Les remontées d'informations répondent à une série de critères, à commencer par la gravité intrinsèque des faits et le nombre des victimes. C'est grâce à de telles remontées que nous avons pu nous rendre compte, assez tardivement du reste, que le tribunal de grande instance de Marseille ne pouvait assurer dans des conditions satisfaisantes pour les victimes, au nombre de 6 000, le procès des prothèses mammaire PIP (Poly Implant Prothèse). Je me souviens du stress que j'ai vécu pour trouver en quelques jours 800 000 euros pour réquisitionner un lieu et l'aménager. Citons encore le procès de l'explosion de l'usine AZF (Azote Fertilisants) ou le dossier de l'amiante, toujours inachevé, et d'autres contentieux concernant la santé publique. Parmi les critères, il y a aussi la médiatisation possible et probable d'une affaire, la mise en cause de personnels de justice, magistrats ou fonctionnaires, les affaires sensibles pour l'opinion publique telles que des événements publics et bien sûr le terrorisme.

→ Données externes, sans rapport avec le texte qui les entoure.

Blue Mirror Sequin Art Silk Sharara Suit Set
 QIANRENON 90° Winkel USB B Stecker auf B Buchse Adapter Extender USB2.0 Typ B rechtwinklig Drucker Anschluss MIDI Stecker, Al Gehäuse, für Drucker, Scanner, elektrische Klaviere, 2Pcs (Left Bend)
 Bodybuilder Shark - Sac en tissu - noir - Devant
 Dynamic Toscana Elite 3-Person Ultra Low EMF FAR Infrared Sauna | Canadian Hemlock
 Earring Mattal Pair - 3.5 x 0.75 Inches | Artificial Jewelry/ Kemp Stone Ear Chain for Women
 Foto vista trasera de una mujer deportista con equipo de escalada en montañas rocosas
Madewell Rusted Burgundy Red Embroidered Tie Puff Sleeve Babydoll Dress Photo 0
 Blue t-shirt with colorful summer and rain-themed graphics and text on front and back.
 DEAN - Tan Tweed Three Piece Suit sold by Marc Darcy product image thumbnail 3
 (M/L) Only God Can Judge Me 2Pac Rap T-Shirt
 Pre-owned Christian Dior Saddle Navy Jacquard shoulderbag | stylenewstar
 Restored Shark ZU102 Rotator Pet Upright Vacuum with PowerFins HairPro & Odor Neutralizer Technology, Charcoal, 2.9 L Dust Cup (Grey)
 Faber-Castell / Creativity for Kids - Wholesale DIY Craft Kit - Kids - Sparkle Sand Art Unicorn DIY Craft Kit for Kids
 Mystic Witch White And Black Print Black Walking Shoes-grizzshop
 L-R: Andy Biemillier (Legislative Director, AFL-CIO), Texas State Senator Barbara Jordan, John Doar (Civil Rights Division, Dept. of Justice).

Certains ont estimé que le nombre de remontées n'avait pas suffisamment diminué. Objectivement, il y en a encore un peu trop. Je suppose que vous avez des pistes et que vous les approfondissez. Nous avions réfléchi à certaines d'entre elles. Évidemment, la solution de facilité, sympathique comme le sont souvent les solutions démagogiques, serait de supprimer les remontées : avec ça, tout le monde serait tranquille mais la démocratie ne fonctionnerait pas. Il faudrait supprimer la fonction de garde des Sceaux ; mais, à ce moment-là, qui rendrait compte, qui prendrait les décisions, qui définirait la politique pénale ? Ce n'est pas concevable, le garde des Sceaux a des responsabilités et il doit pouvoir les exercer. Il lui revient, par exemple, de décider de la constitution d'une équipe commune d'enquête. Le lundi qui a suivi les attentats du vendredi 13 novembre 2015, j'ai ainsi autorisé une équipe commune avec la Belgique, l'Allemagne et l'Italie : deux jours après, nous avions des informations significatives sur l'un des commanditaires des attentats et le mercredi 18 novembre était menée l'opération que vous savez à Saint-Denis. D'autres prérogatives du garde des Sceaux relèvent de la coopération pénale internationale, qu'il s'agisse des affaires pénales internationales ou du terrorisme – il siège au Conseil de défense. Toutes ces responsabilités justifient le maintien de ces remontées d'informations.

L'institution judiciaire est le service public de la justice au service des citoyens. Il faut pouvoir le faire fonctionner en prenant des décisions destinées à gérer, anticiper et corriger. J'ai beaucoup d'exemples en tête : j'ai voulu liquider des créances à l'égard d'experts qui s'étaient accumulées sur plusieurs années ; j'ai pris la décision de centraliser au niveau de la direction des services judiciaires les contraintes de gestion des petites juridictions.

Les remontées d'informations sont aussi utiles pour l'évolution de la législation. Elles permettent de relever des contentieux nouveaux ou des difficultés dans certains contentieux.

Je termine par le parquet national financier (PNF). Pour sa mise en place, j'ai tenu à fixer deux contraintes : d'une part, le respect de ce qu'on appelle le parquet à la française ; d'autre part, l'efficacité dans la lutte contre la corruption, la très grande criminalité économique et financière. Avec les parlementaires, qui ont été particulièrement actifs et offensifs pendant l'examen de ce projet de loi riche de plus de soixante-cinq articles, nous avons supprimé trente-neuf pôles économiques et financiers qui ne fonctionnaient pas vraiment, réorganisé les juridictions interrégionales spécialisées (JIRS) et nous avons redéfini les compétences spécifiques du PNF, notamment pour ce qui concerne les atteintes à la probité, la très grande criminalité économique et financière et l'évasion fiscale. Nous avons modifié également les relations avec l'administration fiscale et surtout nous avons répondu à des observations formulées par l'Organisation de coopération et de développement économiques (OCDE) si bien que nous avons pu nous élever au niveau des meilleurs standards internationaux.